What it’s made more fun to me is to be a beginner again. It made it more fun to learn Bash successfully for the first time. […] It gave me the confidence that, you know what? If I need to do some iOS programming myself… I haven’t done that in, probably six years was the last time I dabbled in it. I feel highly confident now that I could sit down with AI, I could have something in the App Store by the end of the week. Timestamp.

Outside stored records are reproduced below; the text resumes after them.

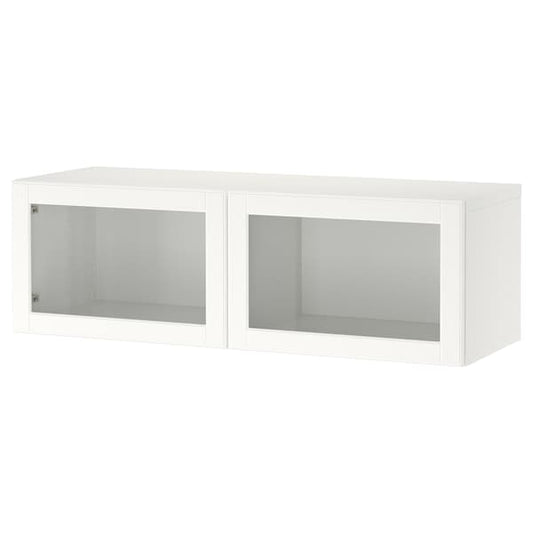 BESTÅ - Wall-mounted cabinet combination, white/Ostvik white, 120x42x38 cm - best price from Maltashopper.com 19439859
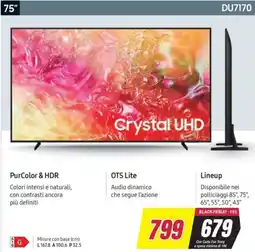 Trony SAMSUNG 75" Crystal UHD DU7170 offerta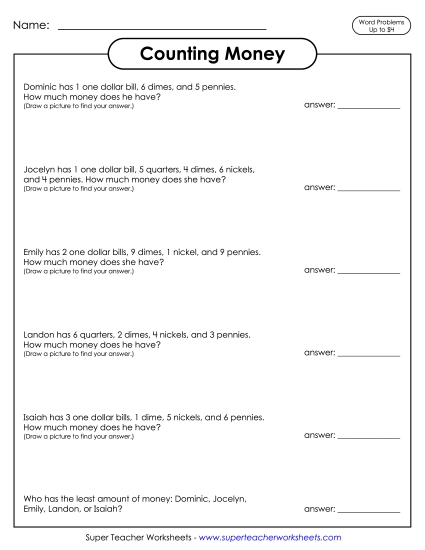 Amounts Up to $4 - Counting Money Word Problems (Printable PDF Worksheet)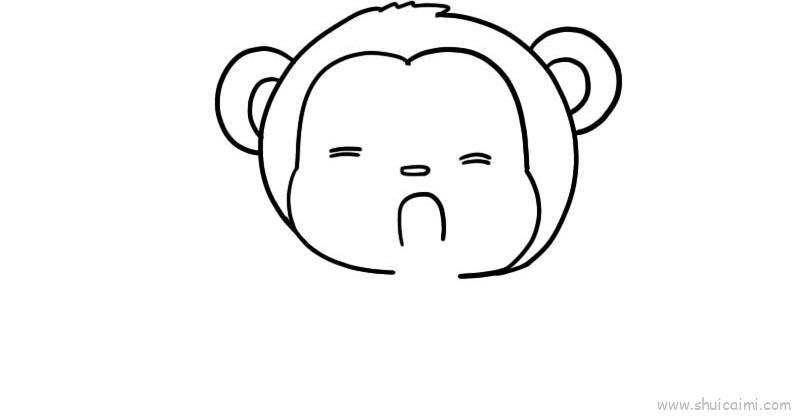 小猴子吃西瓜儿童画怎么画 小猴子吃西瓜简笔画图片大全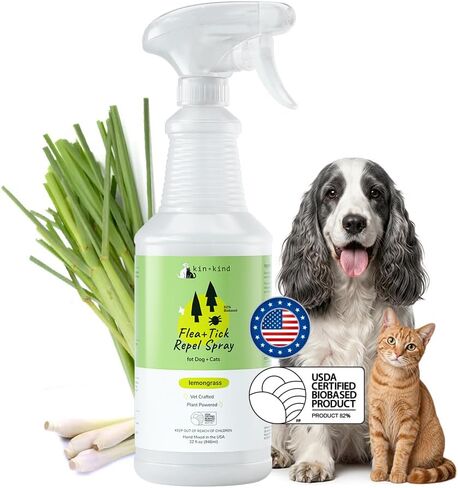 kin+kind Flea & Tick Repel Coat Spray for Dogs & Cats, Lemongrass, 12 fl oz in Saudi Arabia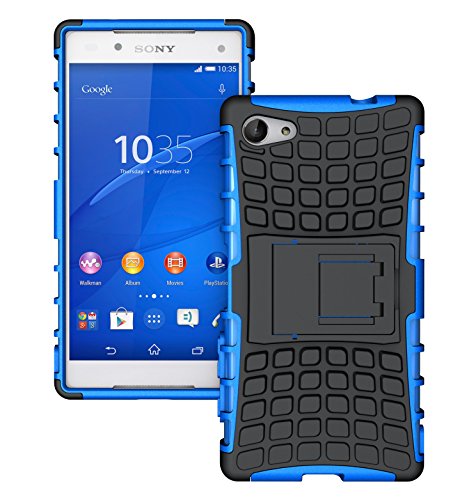 Xperia Z5 Compact Case, OEAGO Sony Xperia Z5 Compact Case Cover Accessories - Tough Rugged Dual Layer Protective Case with Kickstand For Sony Xperia Z5 Compact / Z5 Mini (2015 Released) - Blue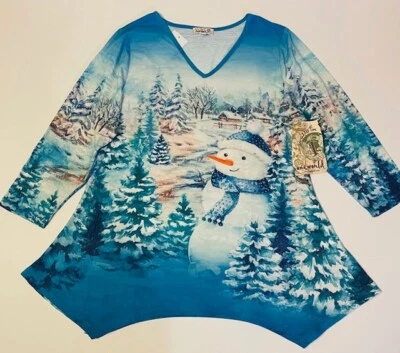 Novo com etiquetas One World boneco de neve inverno azul deslumbrante cabine de Natal PS PM PL S M L 1X - Imagem 1 de 4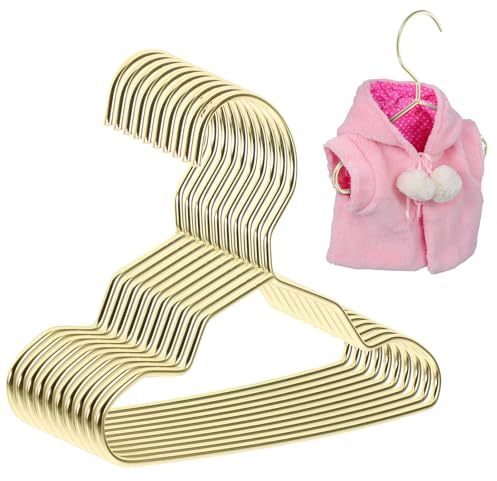 FOMIYES 10 Piezas Percha para Mascotas Colgador De Ropa De Perchas para Perros Pequeños Mini Perchas Accesorio para Mascotas Perchero para Vestido De De Gato De Metal Bebé Portátil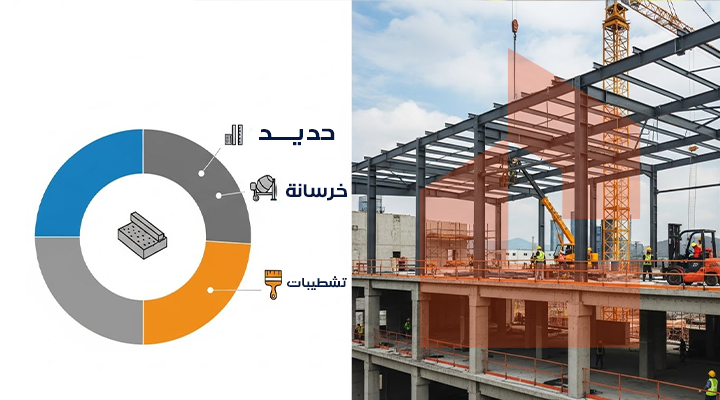 توزيع تكلفة بناء مصنع في السعودية شامل الهيكل المعدني والتشطيبات 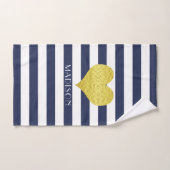 Nom de motif rayures bleu marine moderne (Serviette à main)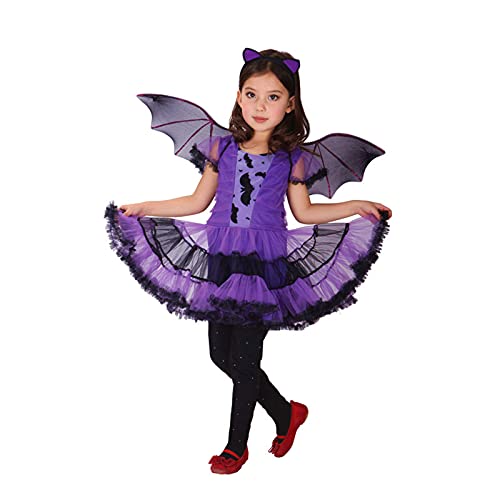 DXDUI Disfraz De Batgirl Púrpura para Halloween para Niñas Máscara para Niños Disfraz Bola Tela Elástica Licra Incluye Vestido Alas para La Cabeza para Fiesta Carnaval,XL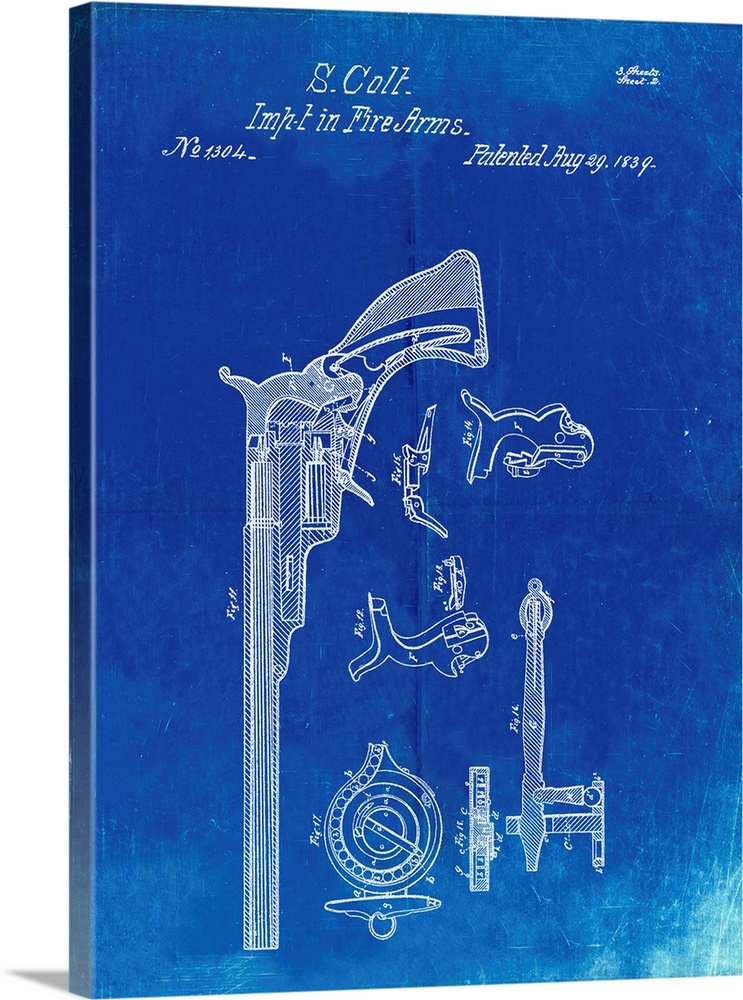 Faded Blueprint Colt Paterson Patent Poster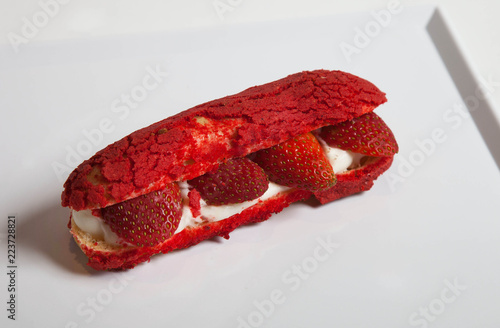 eclaire with strawberry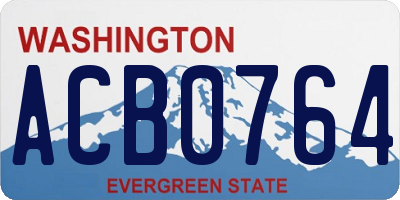 WA license plate ACB0764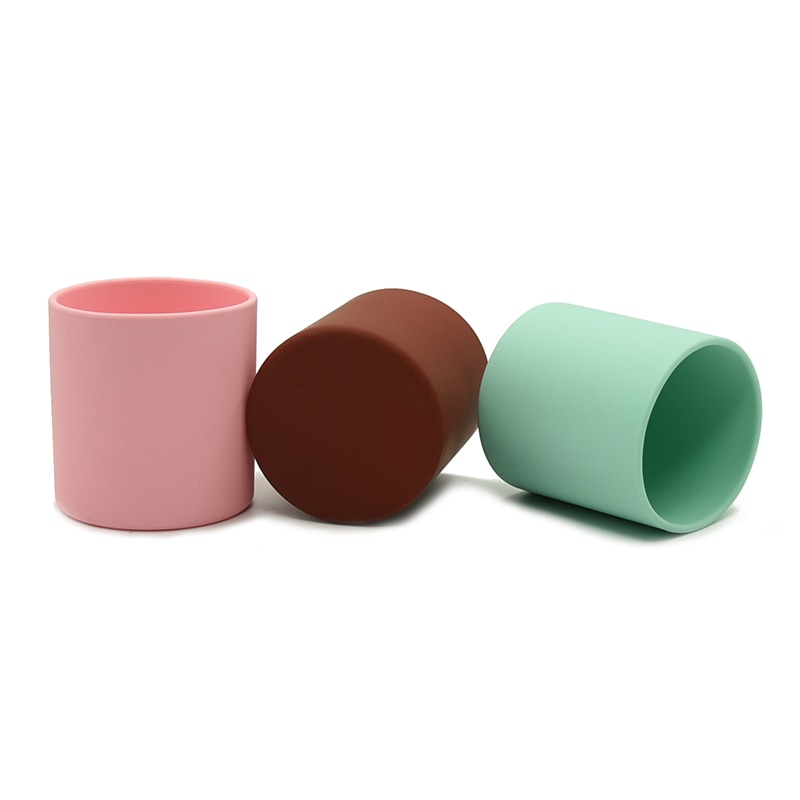 1PCS Baby Silicone Cup Food Grade Silicone kids Feeding Cup Infant Toddler Tableware Drinking Cup BPA Free 250ML Heat-resistant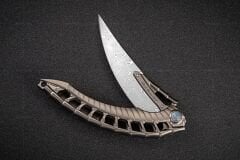 Rike Rk Alien4-DG &(Rk PT-B) | Koyu Gri Titanyum Sap | Damascus Çelik Çakı | RK-12261-1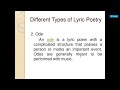 Lyric Poetry and Sonnets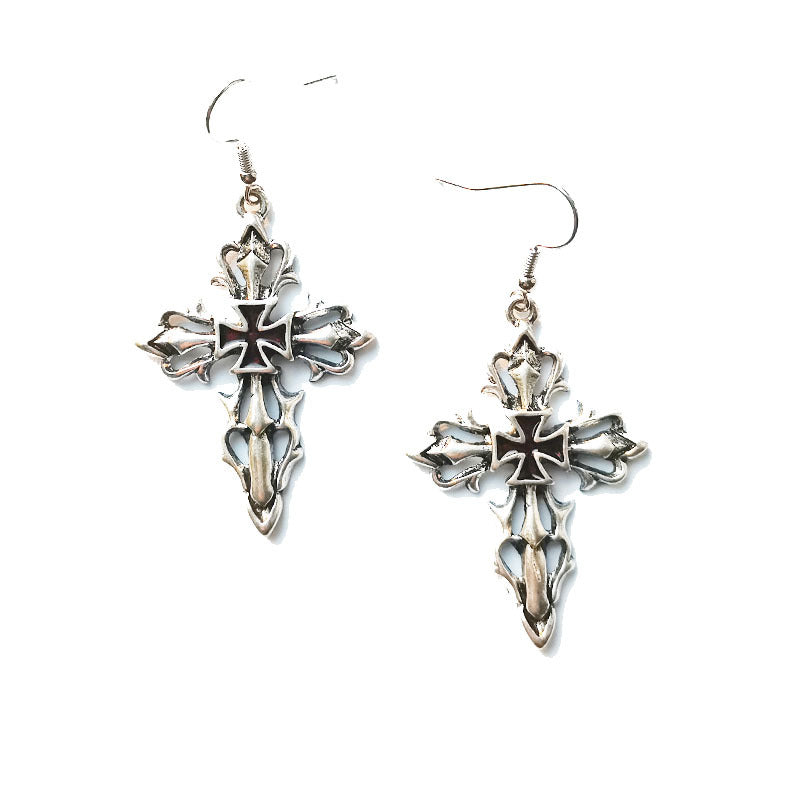 Wholesale  gothic punk jewelry vintage hollow alloy cross earrings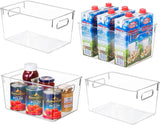 Clear Plastic Storage Bins, 4 Pack Perfect Pantry Organizers and Storage Containers Refrigerator Organizer Bins with Handles Kitchen Cabinet Freezer Closet Bathroom Storage Organization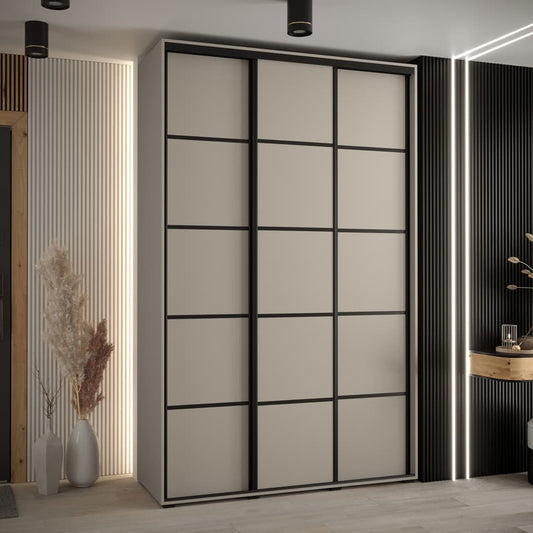Modern sliding wardrobe door with geometric design in a stylish room setting.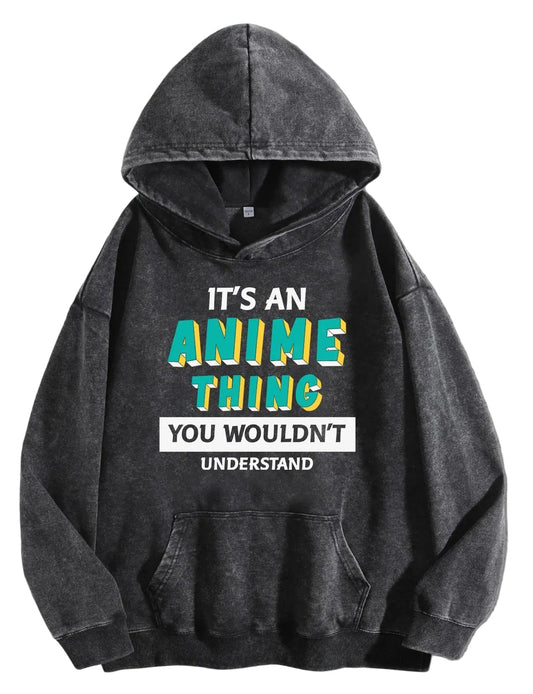 Retro Anime Typography Hoodie with Manga-Inspired Casual Streetwear Design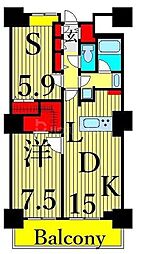 ロイヤルパークスタワー南千住 1SLDKの間取図画像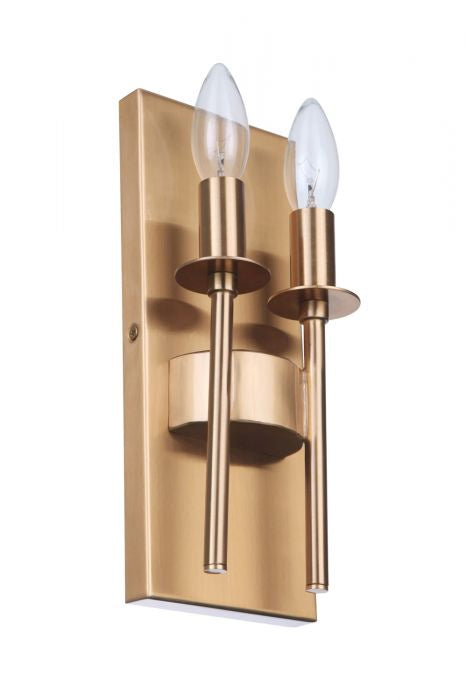 Craftmade 54362-SB Two Light Wall Sconce, Satin Brass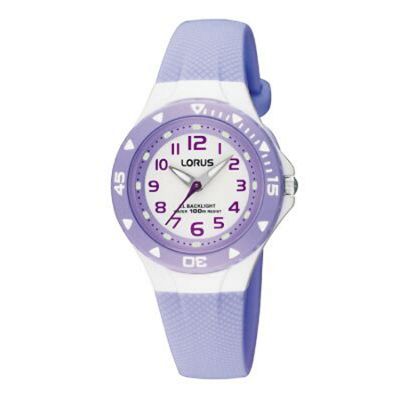 Lorus Kids lilac polyurethane starp watch with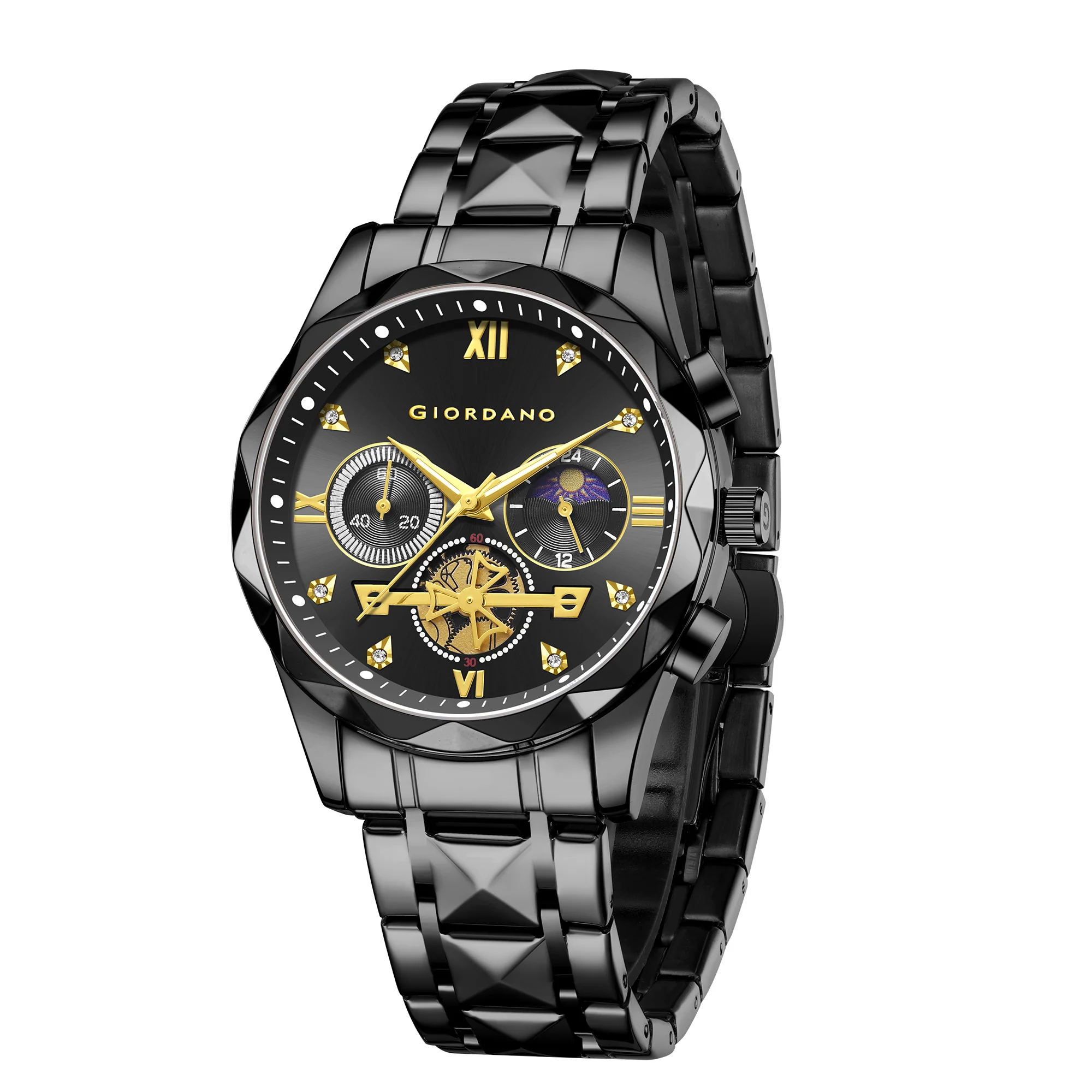 Giordano Chronograph Analog Quartz Watch for Men with Black Dial, Multifunction Subdials, Sun Moon Display, Crystal Hour Markers, Roman Numerals, Black Stainless Steel Strap - GZ-50236-11 - Image 5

How to approach learning programming with AI:

There should be more of the time writing from scratch if you are interested in learning how to program. Unfortunately, you’re not going to get fit by watching fitness videos. You’re not going to learn how to play the guitar by watching YouTube guitar videos. You have to actually play yourself. You have to do the sit-ups. Programming, understanding, learning almost anything requires you to do. […] Now, I understand the temptation, and the temptation is there because vibe coding can produce things perhaps in this moment, especially in new domains you’re not familiar with, tools you don’t know perfectly well, that’s better than what you could do, or that you would take much longer to get at. But you’re not going to learn anything. Timestamp.

And, unrelated to all of the above, on being there for your kids:

I think there’s just some ancient honor in the fact that, again, this DNA that’s sitting on this chair traveled 30,000 years to get here, and you’re going to squander all that away just so you can send a few more emails. Timestamp.

I’m not sure I agree with everything said, but it’s certainly food for thought, and it kept me watching for all 6 hours (6!!!?! hours!!?!!).

If, like me, you’re interested in AI, programming, and learning, and/or you’ve been building for the web from the 1990s till now, I highly recommend the interview. Just tell your partner/friends you have a great movie night pick lined up, and settle in for 6 hours of nerdy conversation!

(Disclaimer: I did not actually attempt to make my wife watch this.)